In an interview with the Otago Daily Times yesterday, he said rugby in Japan was on a high post the World Cup, and he was still planning for some mid-year tests for the Japanese team.
The game had really taken off in Japan following the World Cup where Japan had topped its pool, winning all four of its games, before going down to South Africa in the quarterfinals.
"It went a bit crazy there. You would go out and get recognised straight away. It was hard to go out and do things normally," he said.
"Players were on different shows ... became overnight celebrities."
"Every time he steps out he is mobbed. I think he has got a coffee shop so he just stays there and drinks his coffee."
The Japan side was not like other international teams — players had to work, and could not train fulltime.
Last year though players were with the team from February, and Joseph could have full control over them.

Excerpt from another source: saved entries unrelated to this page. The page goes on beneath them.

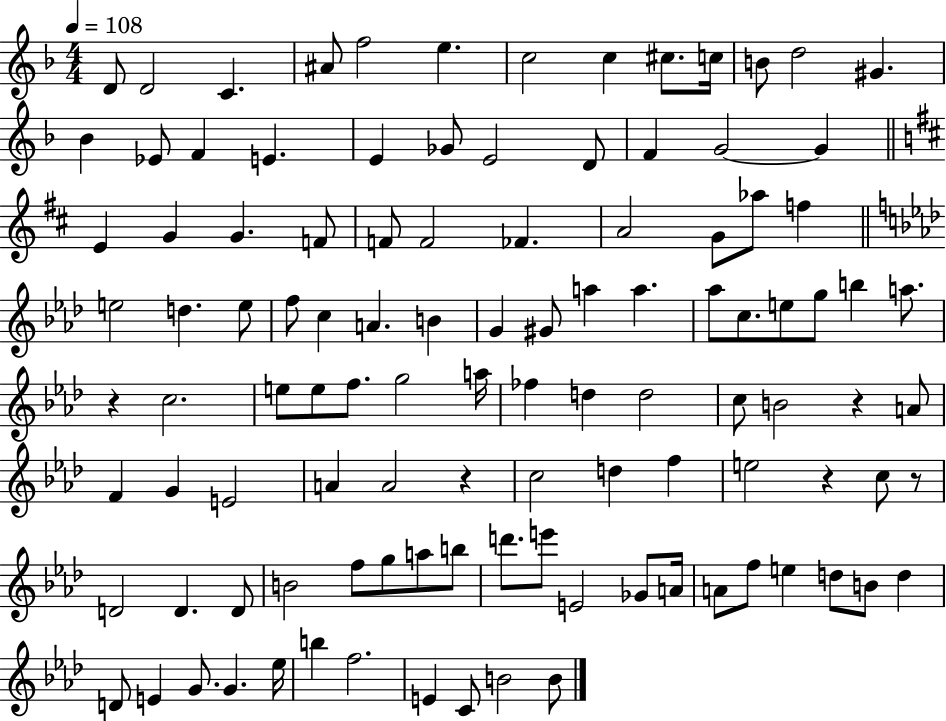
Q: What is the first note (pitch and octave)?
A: D4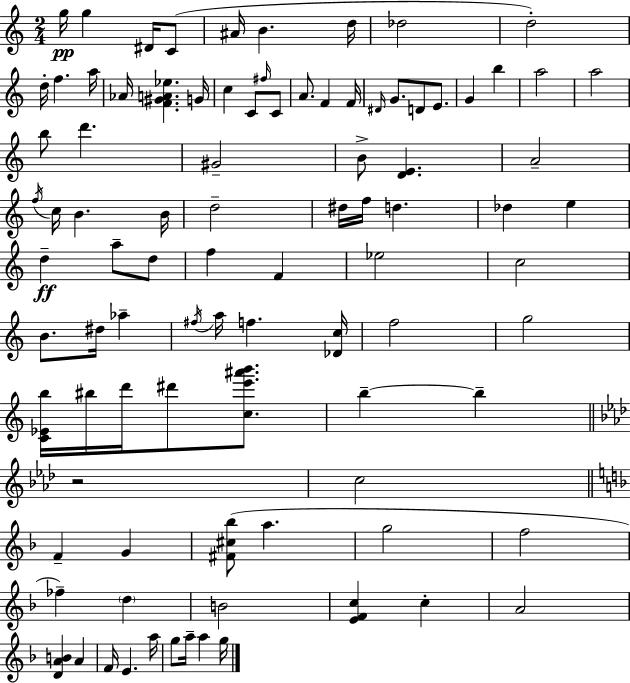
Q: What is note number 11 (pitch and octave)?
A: F5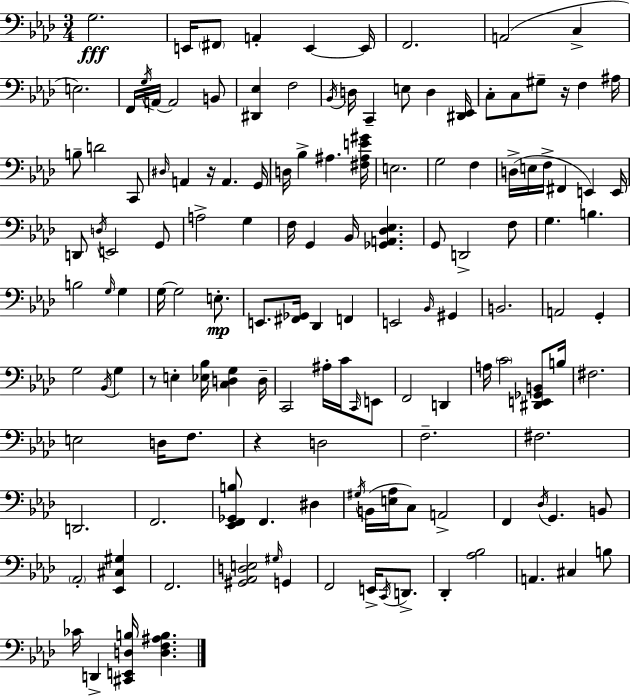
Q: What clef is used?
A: bass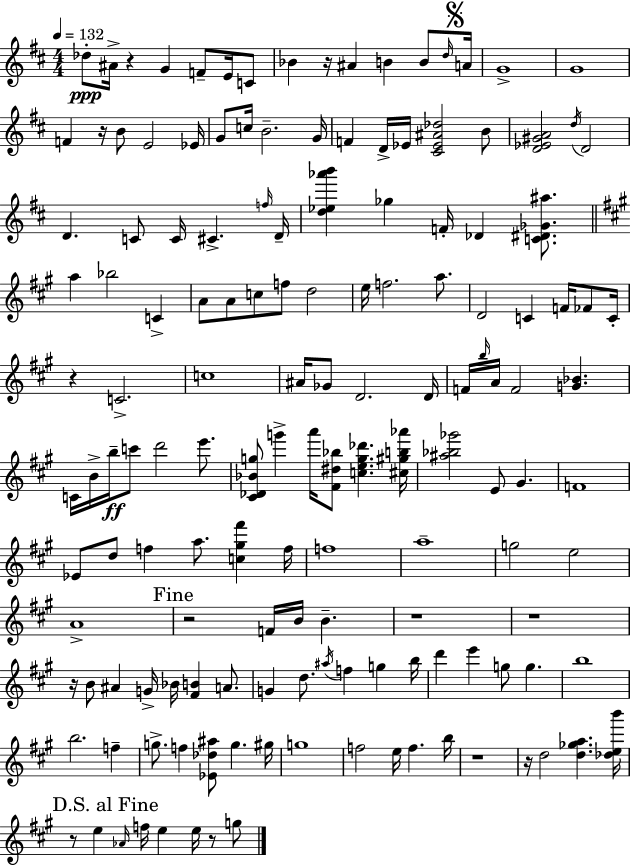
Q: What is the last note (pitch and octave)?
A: G5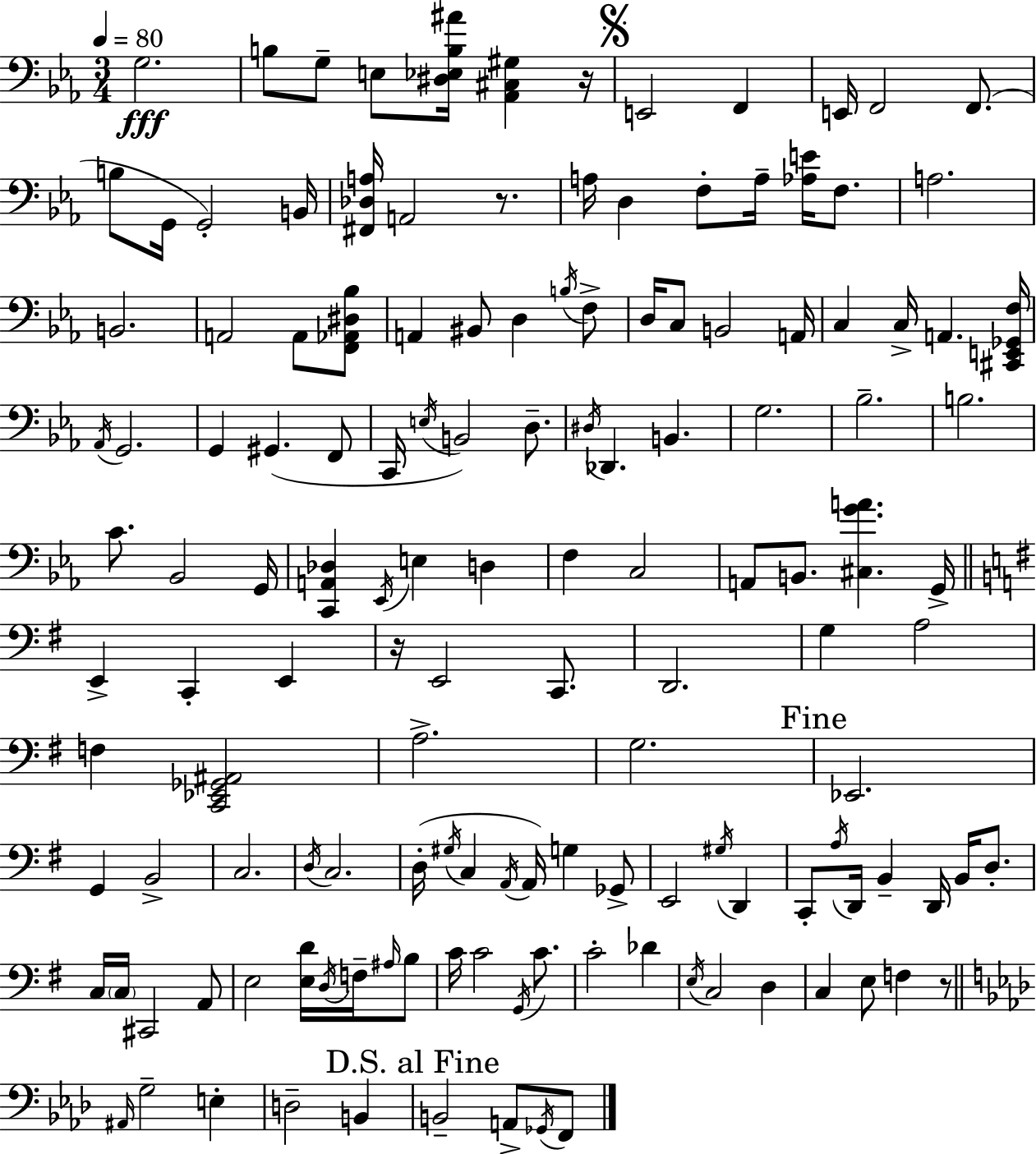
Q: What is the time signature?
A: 3/4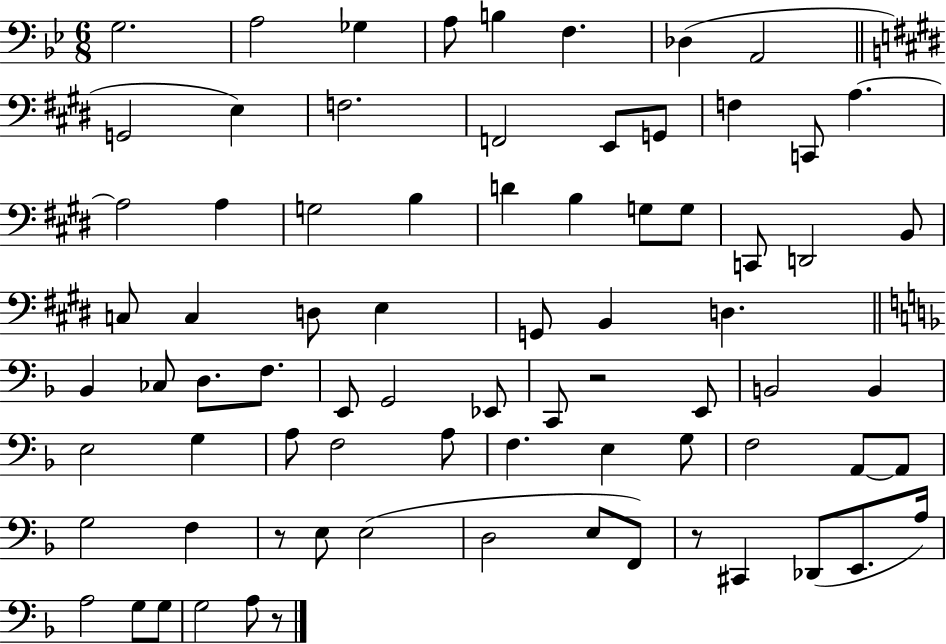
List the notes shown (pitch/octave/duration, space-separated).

G3/h. A3/h Gb3/q A3/e B3/q F3/q. Db3/q A2/h G2/h E3/q F3/h. F2/h E2/e G2/e F3/q C2/e A3/q. A3/h A3/q G3/h B3/q D4/q B3/q G3/e G3/e C2/e D2/h B2/e C3/e C3/q D3/e E3/q G2/e B2/q D3/q. Bb2/q CES3/e D3/e. F3/e. E2/e G2/h Eb2/e C2/e R/h E2/e B2/h B2/q E3/h G3/q A3/e F3/h A3/e F3/q. E3/q G3/e F3/h A2/e A2/e G3/h F3/q R/e E3/e E3/h D3/h E3/e F2/e R/e C#2/q Db2/e E2/e. A3/s A3/h G3/e G3/e G3/h A3/e R/e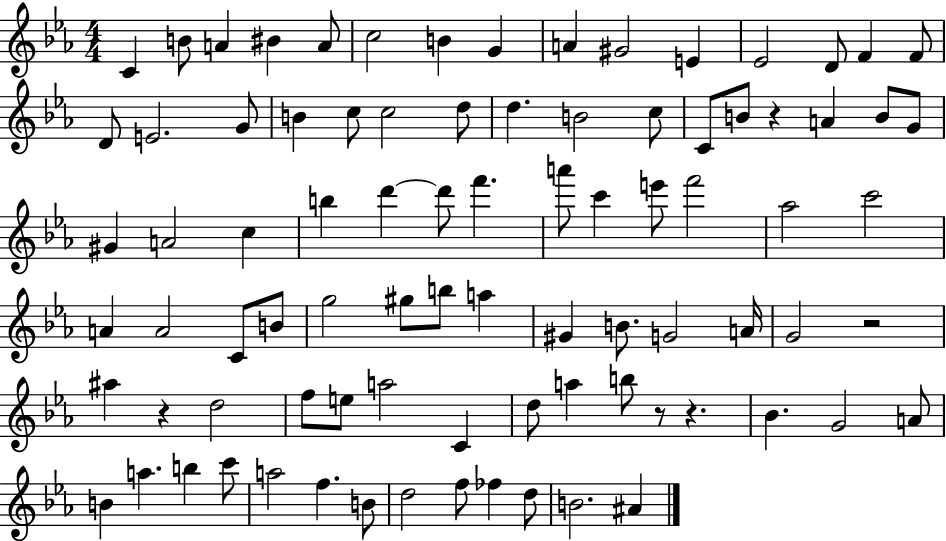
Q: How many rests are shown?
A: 5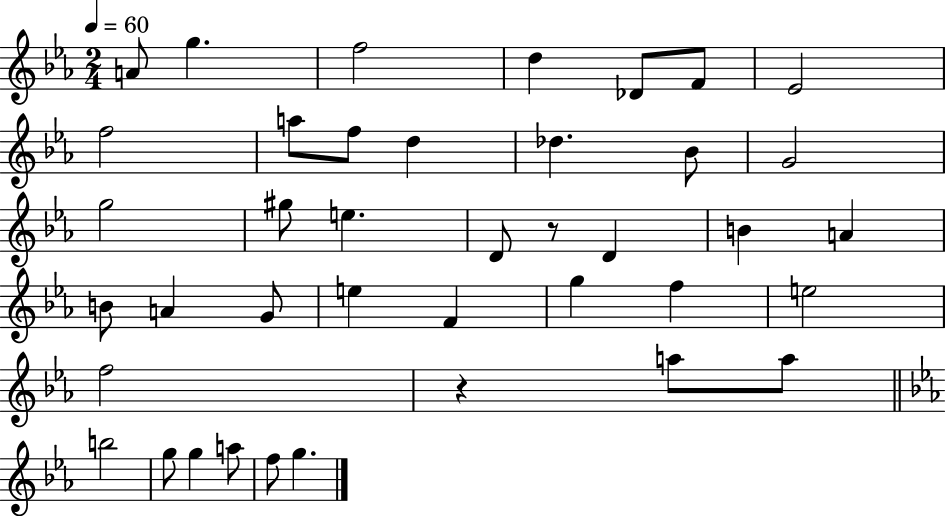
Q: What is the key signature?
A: EES major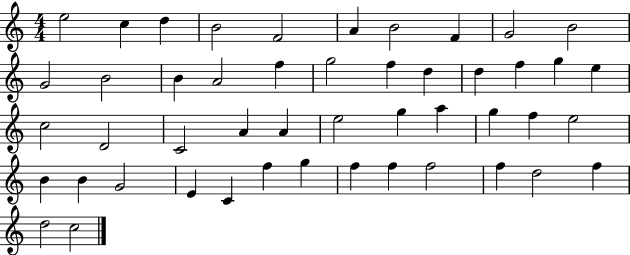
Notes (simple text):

E5/h C5/q D5/q B4/h F4/h A4/q B4/h F4/q G4/h B4/h G4/h B4/h B4/q A4/h F5/q G5/h F5/q D5/q D5/q F5/q G5/q E5/q C5/h D4/h C4/h A4/q A4/q E5/h G5/q A5/q G5/q F5/q E5/h B4/q B4/q G4/h E4/q C4/q F5/q G5/q F5/q F5/q F5/h F5/q D5/h F5/q D5/h C5/h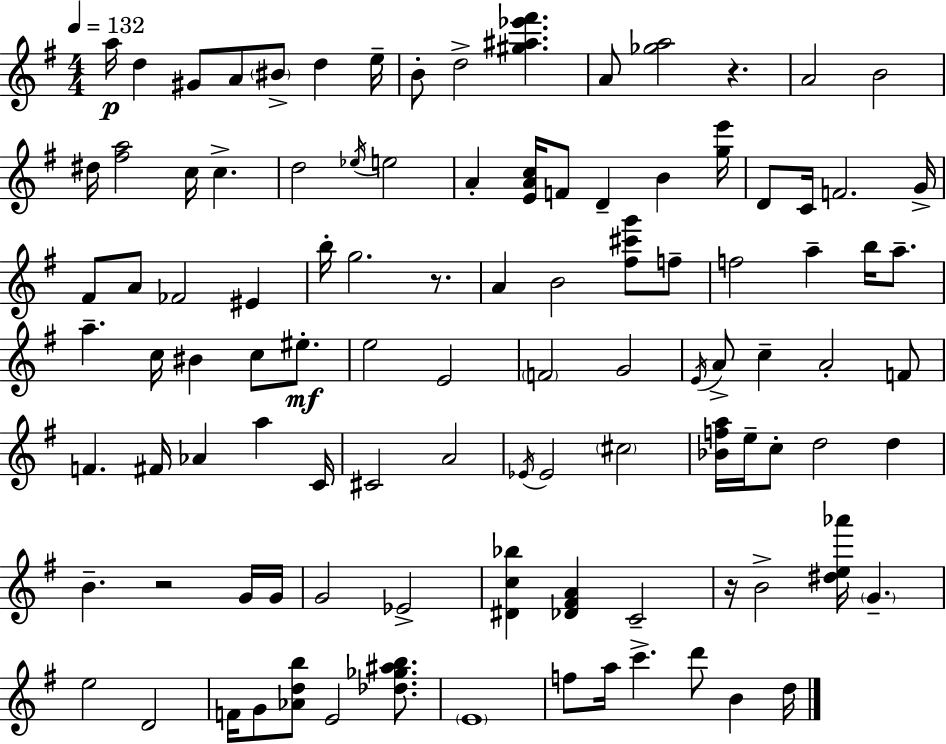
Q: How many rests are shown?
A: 4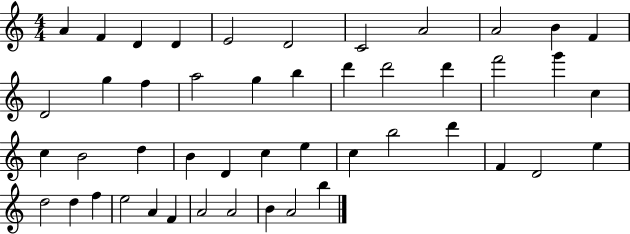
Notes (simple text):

A4/q F4/q D4/q D4/q E4/h D4/h C4/h A4/h A4/h B4/q F4/q D4/h G5/q F5/q A5/h G5/q B5/q D6/q D6/h D6/q F6/h G6/q C5/q C5/q B4/h D5/q B4/q D4/q C5/q E5/q C5/q B5/h D6/q F4/q D4/h E5/q D5/h D5/q F5/q E5/h A4/q F4/q A4/h A4/h B4/q A4/h B5/q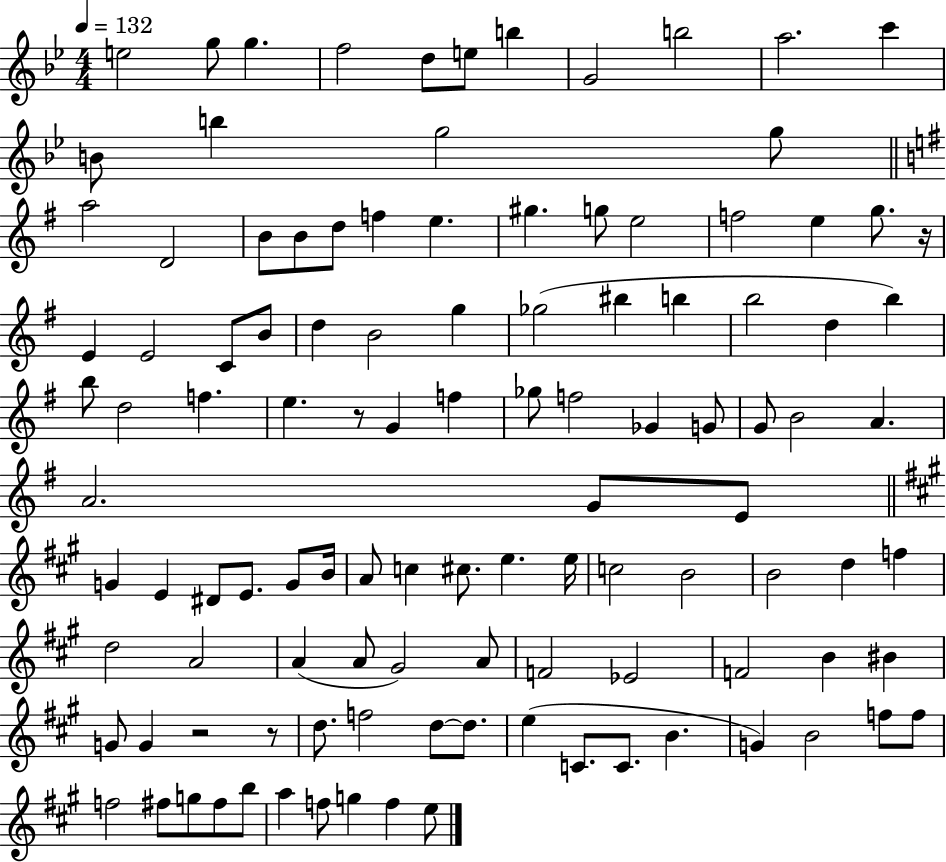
{
  \clef treble
  \numericTimeSignature
  \time 4/4
  \key bes \major
  \tempo 4 = 132
  \repeat volta 2 { e''2 g''8 g''4. | f''2 d''8 e''8 b''4 | g'2 b''2 | a''2. c'''4 | \break b'8 b''4 g''2 g''8 | \bar "||" \break \key g \major a''2 d'2 | b'8 b'8 d''8 f''4 e''4. | gis''4. g''8 e''2 | f''2 e''4 g''8. r16 | \break e'4 e'2 c'8 b'8 | d''4 b'2 g''4 | ges''2( bis''4 b''4 | b''2 d''4 b''4) | \break b''8 d''2 f''4. | e''4. r8 g'4 f''4 | ges''8 f''2 ges'4 g'8 | g'8 b'2 a'4. | \break a'2. g'8 e'8 | \bar "||" \break \key a \major g'4 e'4 dis'8 e'8. g'8 b'16 | a'8 c''4 cis''8. e''4. e''16 | c''2 b'2 | b'2 d''4 f''4 | \break d''2 a'2 | a'4( a'8 gis'2) a'8 | f'2 ees'2 | f'2 b'4 bis'4 | \break g'8 g'4 r2 r8 | d''8. f''2 d''8~~ d''8. | e''4( c'8. c'8. b'4. | g'4) b'2 f''8 f''8 | \break f''2 fis''8 g''8 fis''8 b''8 | a''4 f''8 g''4 f''4 e''8 | } \bar "|."
}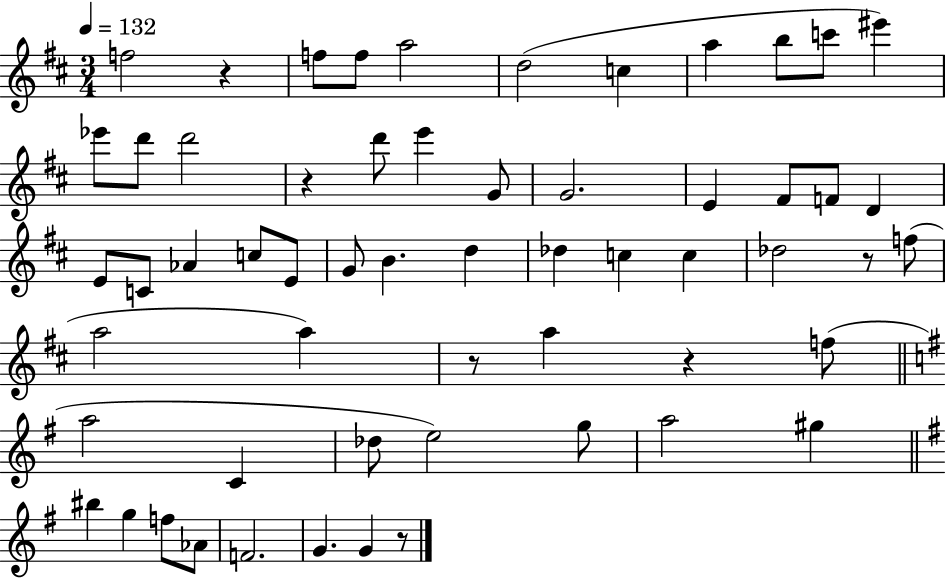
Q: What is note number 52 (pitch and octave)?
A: G4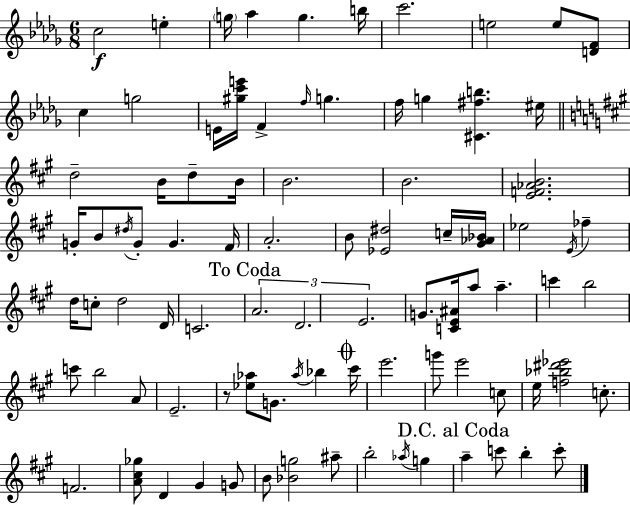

"We have been getting better. Two years ago we should have beaten France in France, we drew with them. We competed really well against England and were winning with 20 minutes left. That crystallized what we were trying to do as a team — just to create trust and belief."
Joseph (50) said he did not do a lot of self-analysis on his combination with assistant coach Tony Brown. Values built while playing for Otago were the basis for their combination.
He felt the duo was serious about rugby coaching, planning and selection, mixed in with good fun and playing good rugby. He did not know how accurate the good cop (Brown) and bad cop (Joseph) suggestion was.
Internationals in July against Wales, France and two tests against England were still scheduled, but appear doubtful.
Joseph took himself out of the running to be the next All Blacks coach a couple of weeks before the process finished last year.
He said there were initial talks with Ian Foster to join him, but after the performance of Japan at the World Cup things went "crazy"
There was a lot of unexpected things happening and the landscape changed, he said.
The All Black coach process did not allow him to apply for it seriously.
"Applying for a job at the same time you are applying for another job does not show much loyalty. And that was one of the values we have learned in Otago ... loyalty is a a big factor. Just because it is professional, for me, it [loyalty] is still really important."